[Stored data]
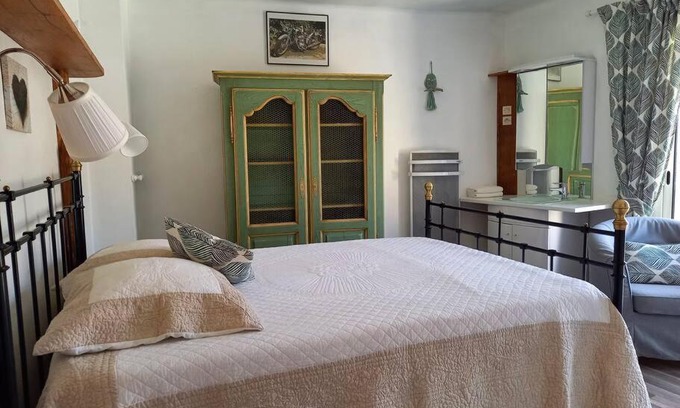 Comps-sur-Artuby Casa | Comps sur Artuby, le tilleul et le four, Jabron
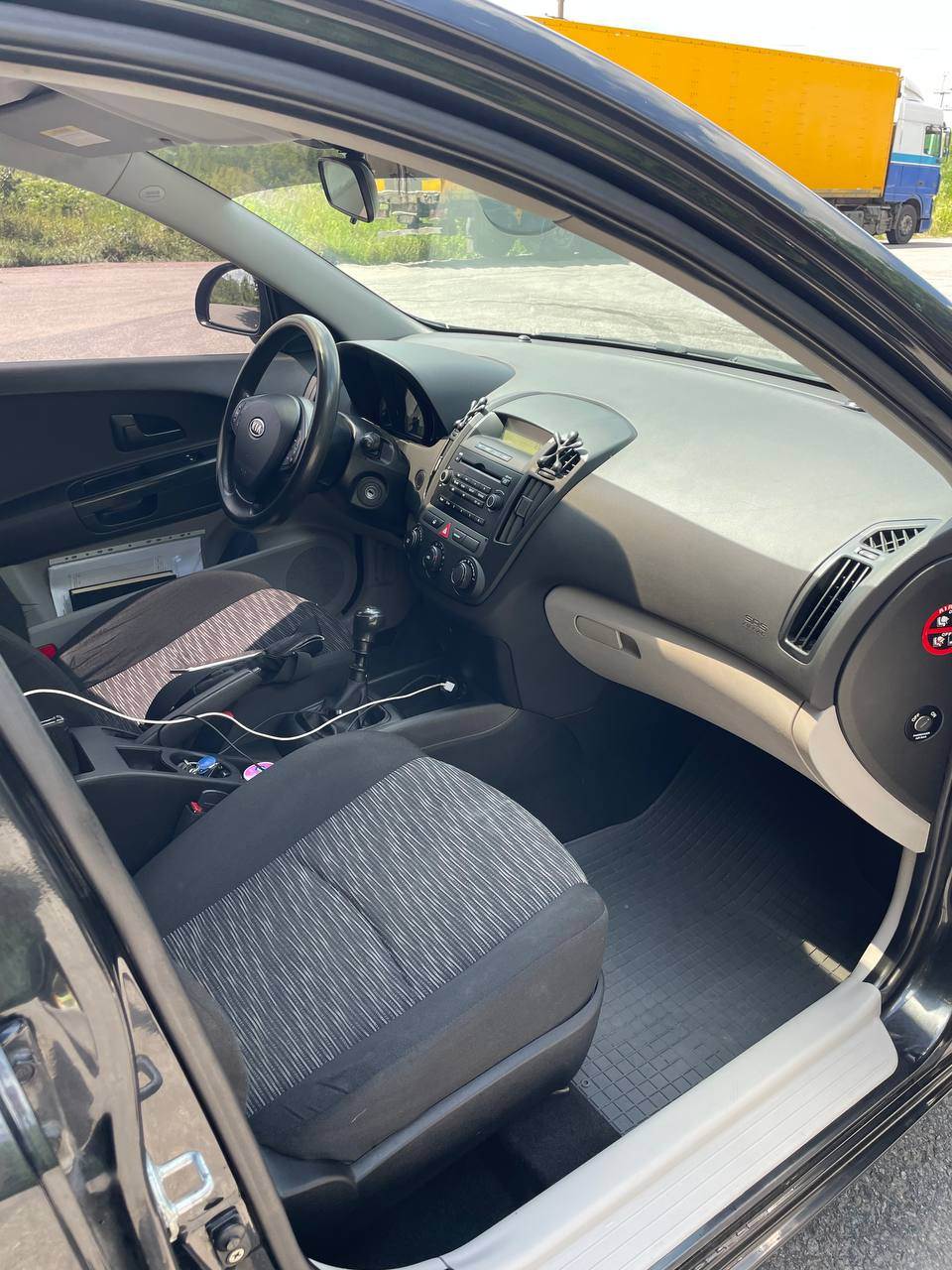 Kia Ceed - фото 23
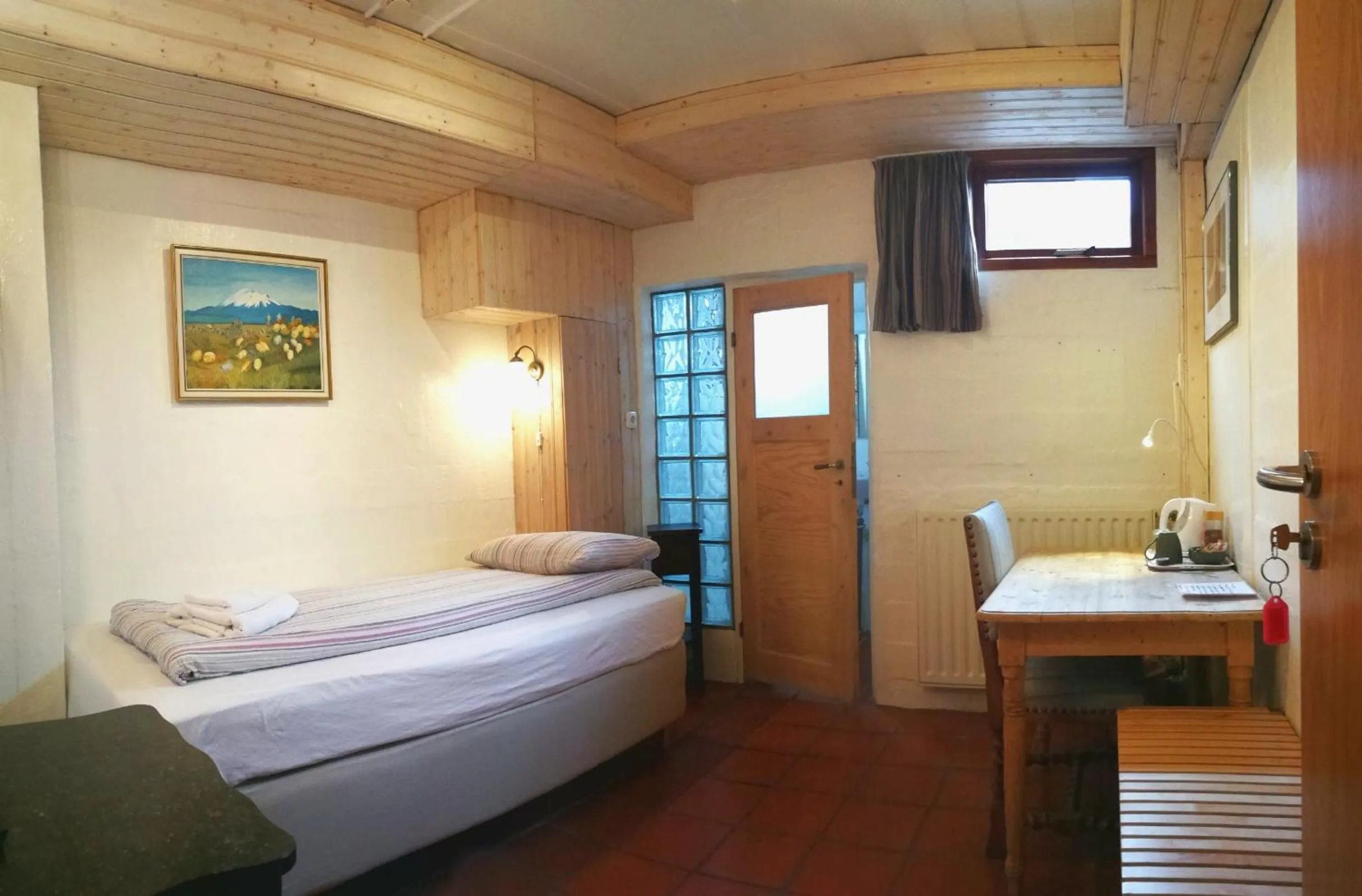 Bed in Eric the Red Guesthouse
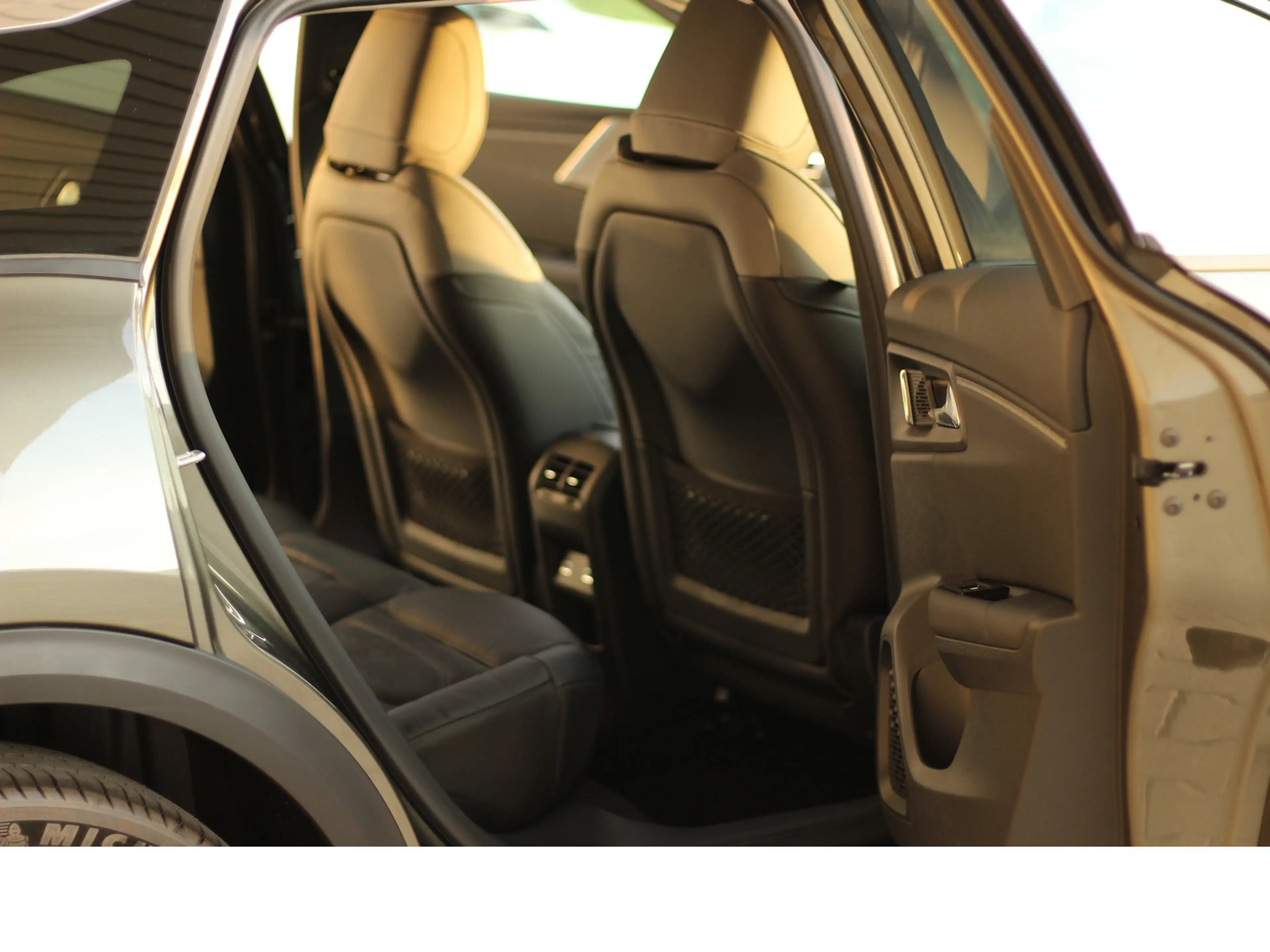 Citroen C5 X Shine Pack Hybrid — photo 9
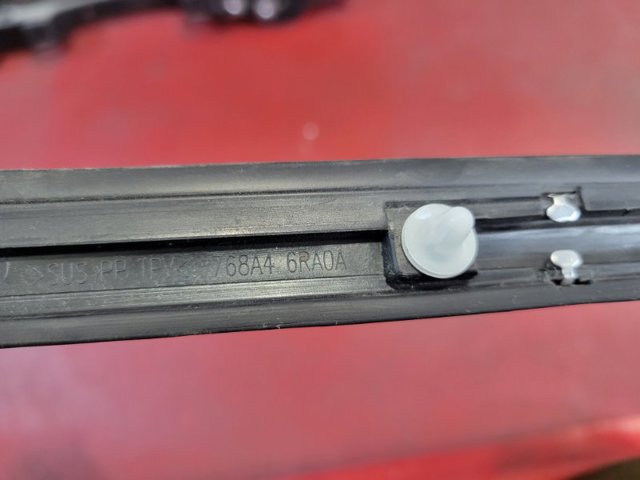 Молдинг крыла заднего правого 768A46RA0A NISSAN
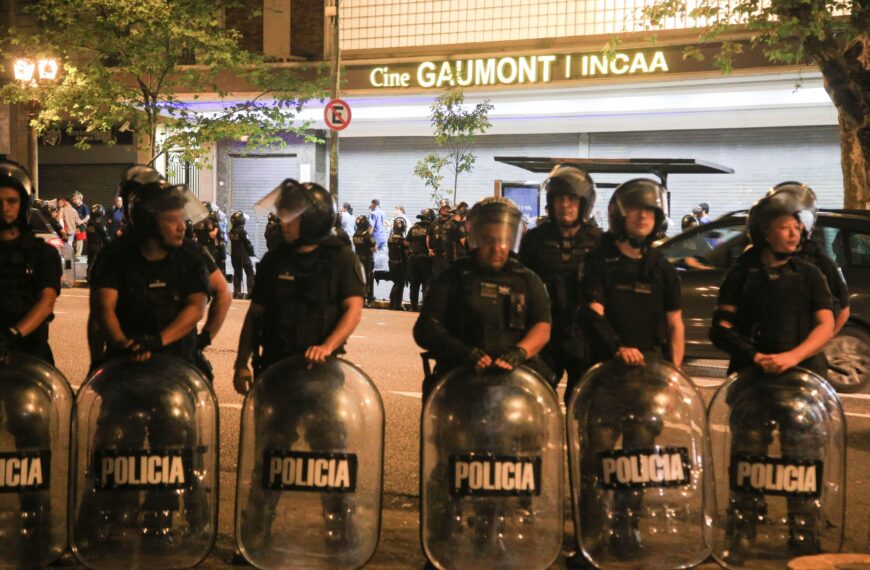 La policía reprimió a manifestantes en el cine Gaumont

WORK REQUEST: Retype the entries above word for word, minus any images.

ANSWER FOR THIS EXERCISE:
 Comps-sur-Artuby Casa | Comps sur Artuby, le tilleul et le four, Jabron
 Kia Ceed - фото 23
 Bed in Eric the Red Guesthouse
 Citroen C5 X Shine Pack Hybrid — photo 9
 Молдинг крыла заднего правого 768A46RA0A NISSAN
 La policía reprimió a manifestantes en el cine Gaumont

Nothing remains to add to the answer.